What the task requires: Extract the stretch of lines that starts at the line with "lot 137 image: Hot" and ends at the last line of the data below. Give it exactly, without pictures.

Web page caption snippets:
- Opening Delimiter -
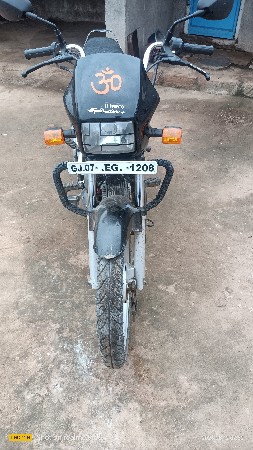 ટુ વ્હીલર વેચવાની છે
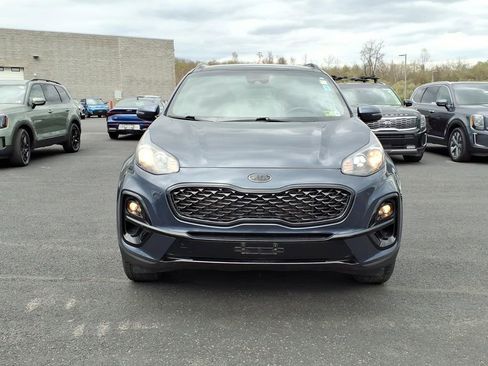 Used 2022 Kia Sportage Nightfall Edition image 4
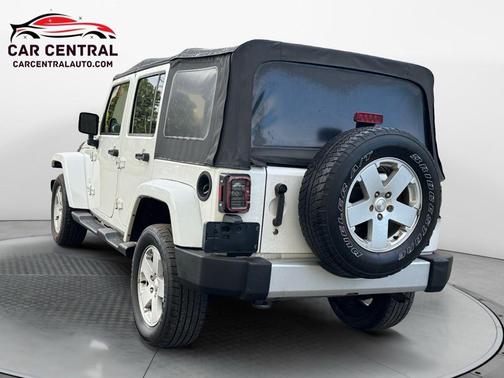 2012 Jeep Wrangler Unlimited Sahara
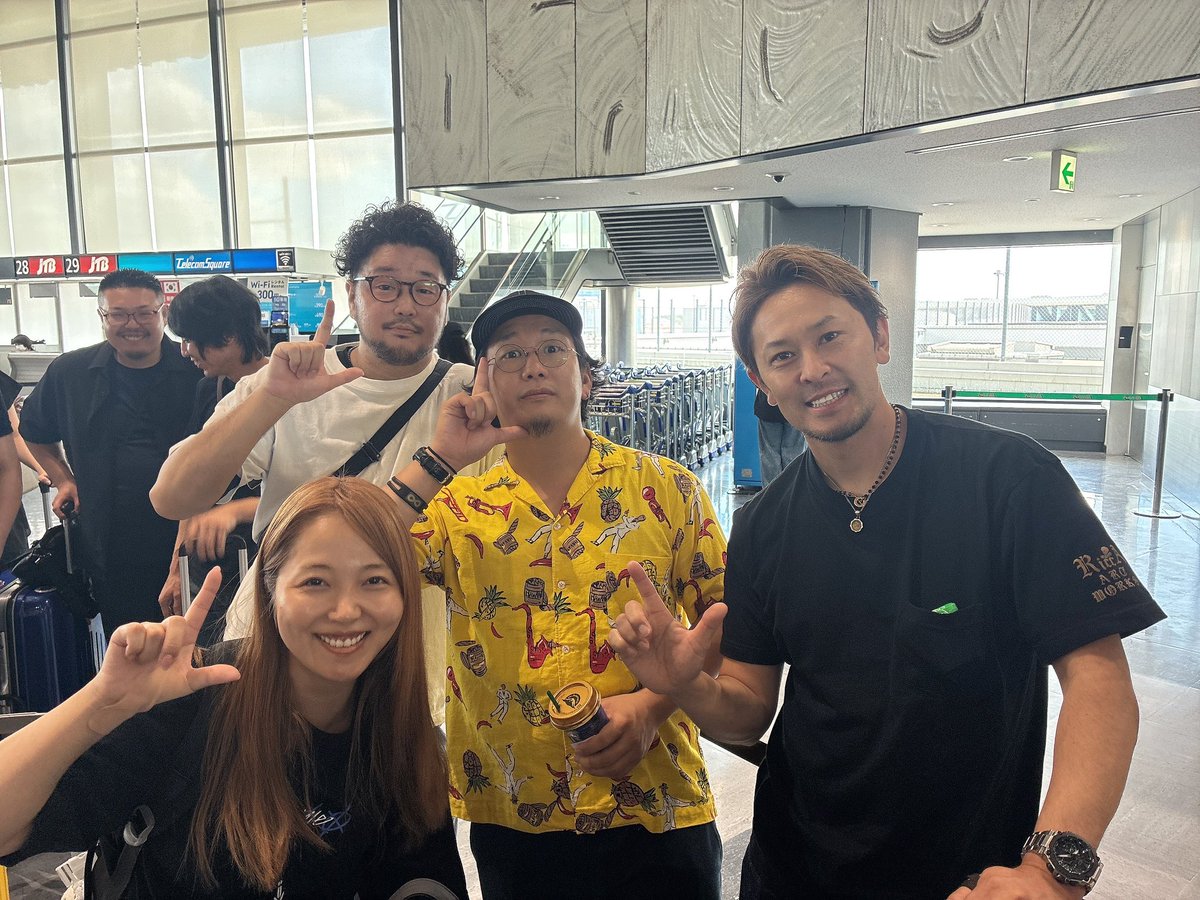 Lstyle_Japan's tweet photo. ZEROリーグ群馬エリア代表チームOneのみなさんがK-FESTIVALで行われる世界大会に向けて出発します‼️

鈴木一行選手
久保田將裕選手
横田涼選手
橋本佳奈選手

チームOne所属L-styleプレイヤーのみなさんから『いってきます』の写真をいただきました😆

目指せ‼️世界一‼️

皆様、応援よろしくお願いします✨
#Lstyle
#ダーツ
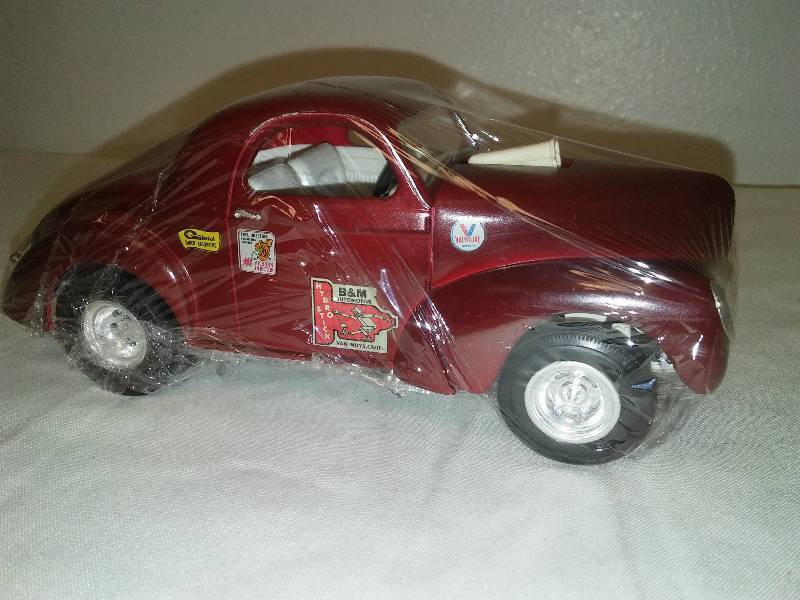 lot 137 image: Hot Rod Gasser Style, assembled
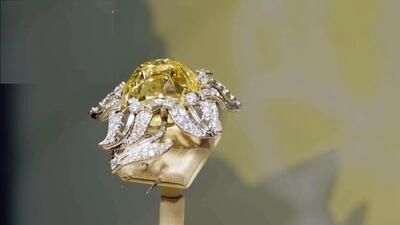 (ویدئو) حراج الماس زرد صد قیراطی ۶ میلیون دلاری در سوئیس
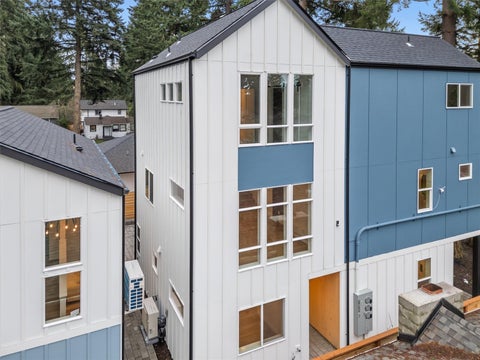 Photo of 14308 B Roslyn Place N, Seattle, WA 98133 (MLS # 2599329)
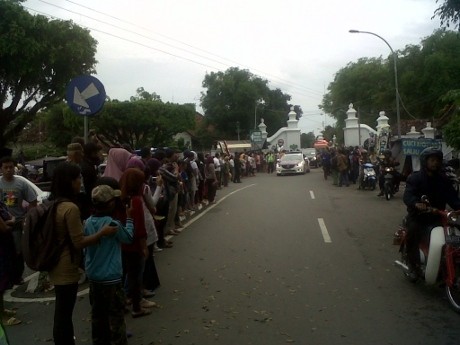 Ribuan Warga Yogya Berjejer di Jalan, Lepas Jenazah Adik Sultan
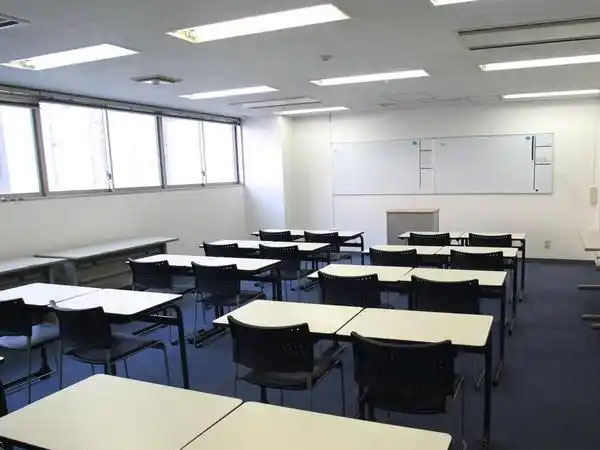 专科水平，每年家里支持10w，适合日本留学吗？
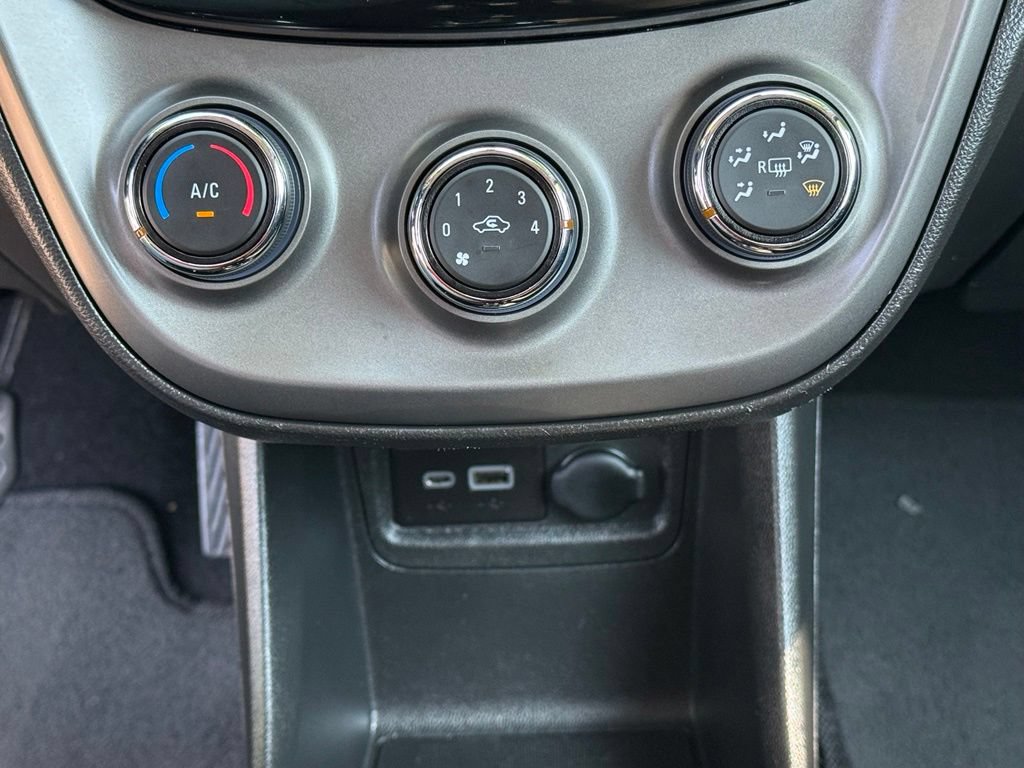 Used 2021 Chevrolet Spark LT FWD image 19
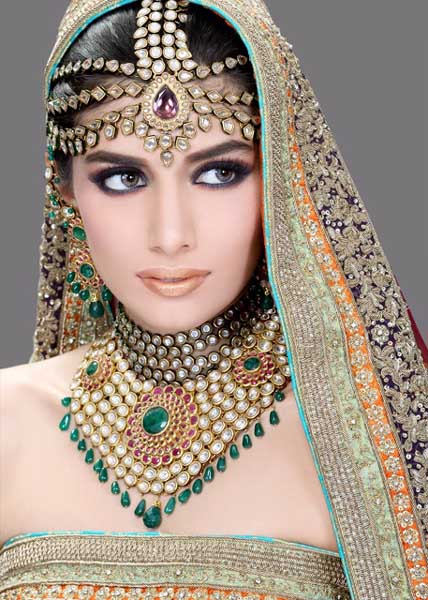 Emerald and Rose Artificial jewellery set for bride nikah and ruksati limited edition wedding jewellery set washington New york USA Emerald and Rose Artificial jewellery set for bride nikah and ruksati limited edition wedding jewellery set washington New york USA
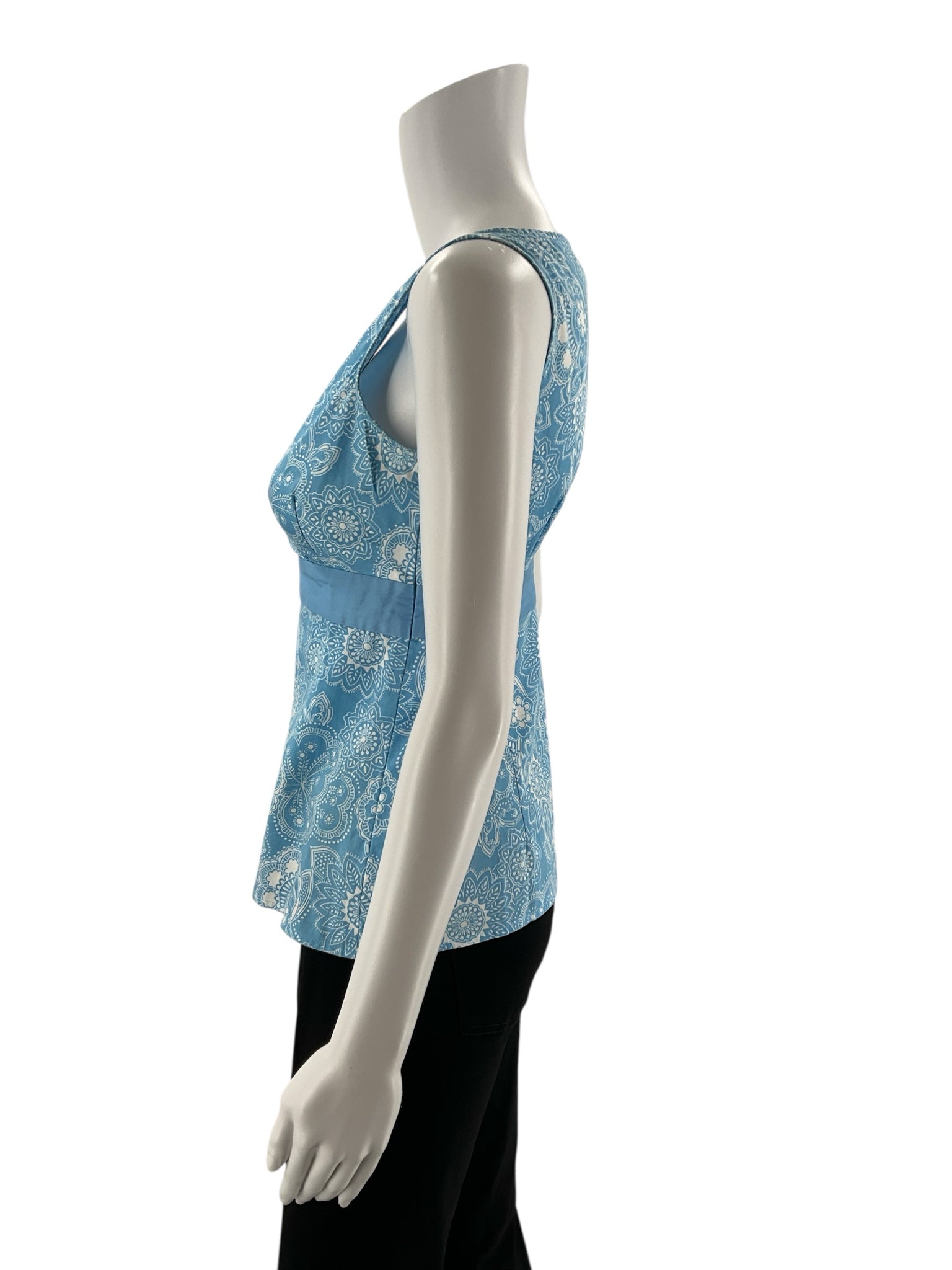 Loft Blue/White Floral Pre-Owned Ladies Top - Size 0 Petite
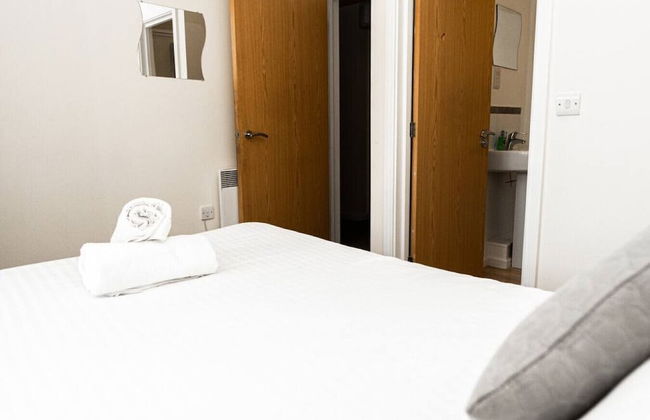 2 Bedroom Apartment Warrington - Foto 12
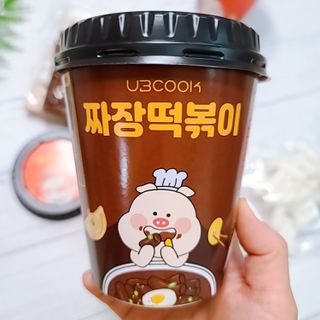 유비쿡 컵떡볶이 매운컵떡볶이2개/ 짜장컵떡볶이 2개  총 4개세트 — 5점을 준 리뷰어가 2021년 5월 올린 사용 사진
- Closing Delimiter -
Output below:
 lot 137 image: Hot Rod Gasser Style, assembled
 (ویدئو) حراج الماس زرد صد قیراطی ۶ میلیون دلاری در سوئیس
 Photo of 14308 B Roslyn Place N, Seattle, WA 98133 (MLS # 2599329)
 Ribuan Warga Yogya Berjejer di Jalan, Lepas Jenazah Adik Sultan
 专科水平，每年家里支持10w，适合日本留学吗？
 Used 2021 Chevrolet Spark LT FWD image 19
 Emerald and Rose Artificial jewellery set for bride nikah and ruksati limited edition wedding jewellery set washington New york USA Emerald and Rose Artificial jewellery set for bride nikah and ruksati limited edition wedding jewellery set washington New york USA
 Loft Blue/White Floral Pre-Owned Ladies Top - Size 0 Petite
 2 Bedroom Apartment Warrington - Foto 12
 유비쿡 컵떡볶이 매운컵떡볶이2개/ 짜장컵떡볶이 2개  총 4개세트 — 5점을 준 리뷰어가 2021년 5월 올린 사용 사진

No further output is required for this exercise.